**Given entries**
▽
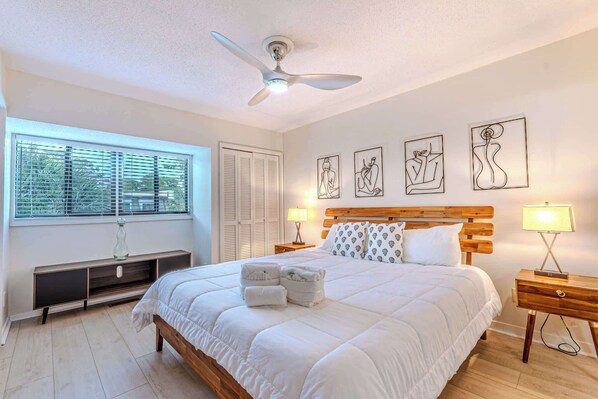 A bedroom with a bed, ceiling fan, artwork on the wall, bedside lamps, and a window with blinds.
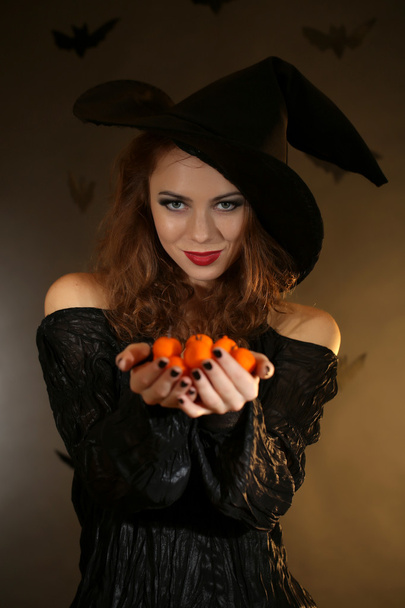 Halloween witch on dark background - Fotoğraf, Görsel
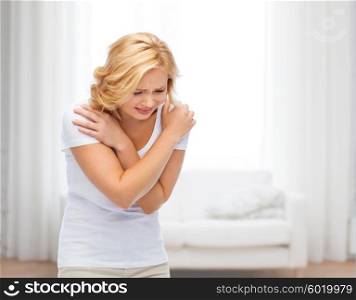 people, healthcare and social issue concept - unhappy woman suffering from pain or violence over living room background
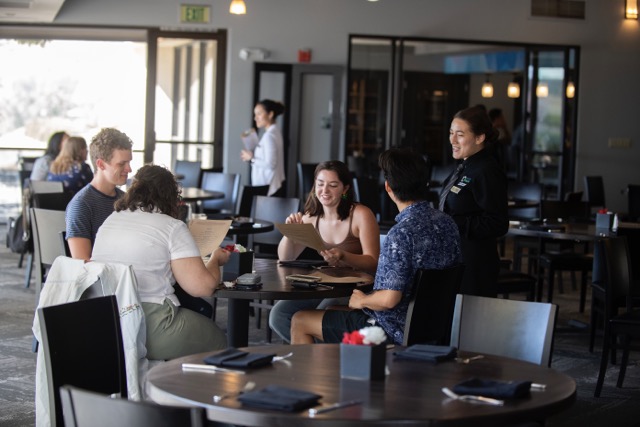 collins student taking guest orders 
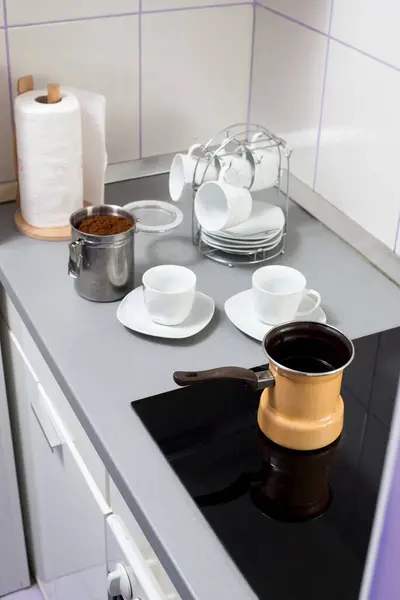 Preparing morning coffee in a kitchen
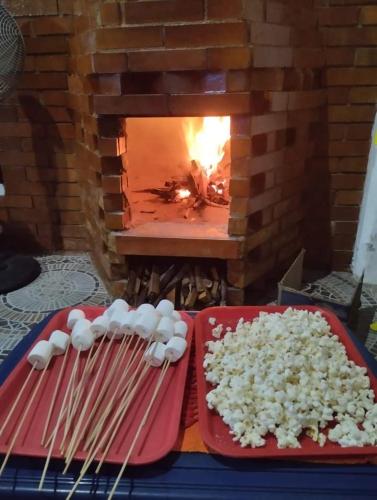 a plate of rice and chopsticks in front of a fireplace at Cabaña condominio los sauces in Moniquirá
△
▽
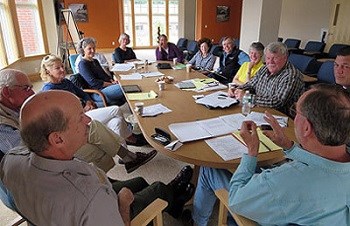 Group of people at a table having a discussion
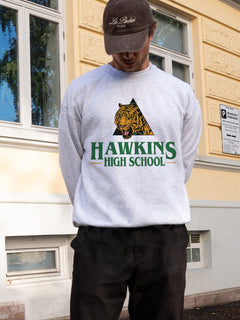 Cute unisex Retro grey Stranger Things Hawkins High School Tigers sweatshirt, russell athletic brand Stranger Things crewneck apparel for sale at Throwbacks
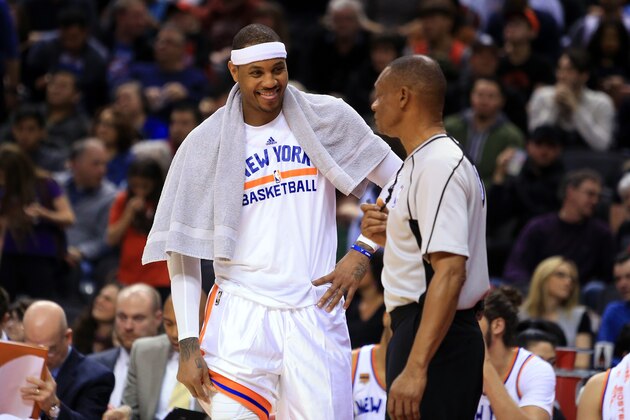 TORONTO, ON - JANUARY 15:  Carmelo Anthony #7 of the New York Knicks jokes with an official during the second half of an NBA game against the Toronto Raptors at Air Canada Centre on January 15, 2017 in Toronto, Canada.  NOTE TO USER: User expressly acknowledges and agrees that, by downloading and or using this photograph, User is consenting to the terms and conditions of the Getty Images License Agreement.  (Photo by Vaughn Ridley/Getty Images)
△
Restate word for word the lines of the data above that begin at the line with "A bedroom with" and end at the line with "a plate of rice", keeping both ends and dropping every picture.

 A bedroom with a bed, ceiling fan, artwork on the wall, bedside lamps, and a window with blinds.
 Halloween witch on dark background - Fotoğraf, Görsel
 people, healthcare and social issue concept - unhappy woman suffering from pain or violence over living room background
 collins student taking guest orders 
 Preparing morning coffee in a kitchen
 a plate of rice and chopsticks in front of a fireplace at Cabaña condominio los sauces in Moniquirá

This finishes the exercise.